Il y aurait tant à dire sur ce sujet des dépendances métalliques et sur les fake-news qui le ronge, car je ne suis pas certain qu’Hercule en ait mesuré l’impact ni demandé qui acceptera d’en payer le prix.
Béton, cuivre, acier, métaux et matériaux critiques
Troisième angoisse d’Hercule. En 2018, Eurostat indiquait que l’électricité européenne provenait à hauteur de 45,9 % du thermique, 25,5 % du nucléaire, 12,2 % de l’éolien, 11,8 % de l’hydraulique, 4 % du solaire et 0,6 % d’autres moyens.
Remplacer ces 71,4 % d’électricités thermique et nucléaire par du solaire, de l’éolien terrestre, maritime ou même flottant serait un effort extractiviste herculéen : une gigantesque production de sable à béton, de cuivre, de fer et charbon pour acier et d’autres métaux et matériaux critiques.

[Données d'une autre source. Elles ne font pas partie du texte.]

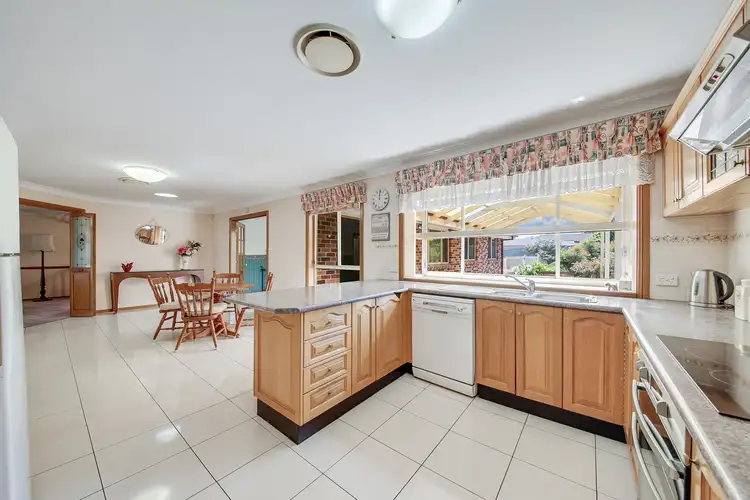 Fifth view of Homely house listing, 7 Black Wattle Grove, Narellan Vale NSW 2567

Hélas, esclaves de l’intermittence du vent, les éoliennes d’Europe, de Chine ou des États-Unis ne tournent qu’entre 20 % et 25 % du temps (24 % en France). C’est-à-dire qu’elles ne produisent effectivement de l’électricité que pendant 4 à 5 ans au cours de leurs 20 années de durée de vie, pas plus. L’espérance de vie d’un panneau solaire est aussi courte, mais déjà prisonnier de la nuit, il produit plus vers l’équateur que vers les pôles. En outre, avec de nouveau du béton, du cuivre, de l’acier et d’autres matériaux critiques, l’énergie du vent et du soleil très diluée dans l’atmosphère doit être reconcentrée par la course au gigantisme des renouvelables.

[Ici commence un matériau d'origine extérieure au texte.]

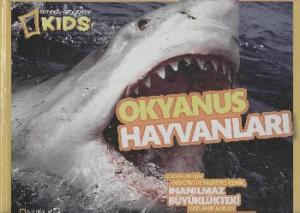 Okyanus Hayvanları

Mais il reste imparfait. Avec du vent, l’électricité réellement produite par 900 éoliennes géantes terrestres, maritimes ou flottantes de 6 MW chacune est juste égale à celle d’une seule usine électrique de 1650 MW. C’est pourquoi, entre l’intermittence et la concentration, un MWh éolien ou solaire coûtera à la planète environ 5 à 10 fois plus en diverses ressources naturelles qu’un MWh nucléaire. Ce cavage n’est guère affaibli par le recyclage, incomplet par définition : quid de l’économie circulaire des plots en béton ou des câblages après démantèlement d’une éolienne ?
Grande consommation de ressources naturelles
Quel lien entre Hercule le sable, le béton, le cuivre, l’acier et d’autres métaux et matériaux critiques ? C’est celui d’une grande consommation à très long terme de nombreuses ressources naturelles, mais dont la philosophie extractiviste n’a jamais été révélée. Restée inconsciemment dissimulée, elle ne s’est pas incarnée dans une comptabilité écologique et je regrette que nous ne mesurions pas encore de manière dynamique le coût d’un MWh en kilo de cuivre, de béton, en litre d’eau… C’est pourquoi, bien qu’ayant d’autres solutions, nous dévorons ces ressources naturelles là où le vent et le soleil sont modérés, plutôt que de généreusement les réserver avec efficacité dans les régions du monde où le vent et le soleil sont réguliers ou offerts à profusion.
Un Hercule allégé de ces trois angoisses aiderait EDF à se réformer, car il ne serait plus orphelin d’espoir, mais construit par une dimension holistique et une stratégie audacieuse. Elles-mêmes seraient alors porteuses d’une organisation intégrée, d’une indépendance énergétique et d’une écologie responsable et comptable des ressources naturelles.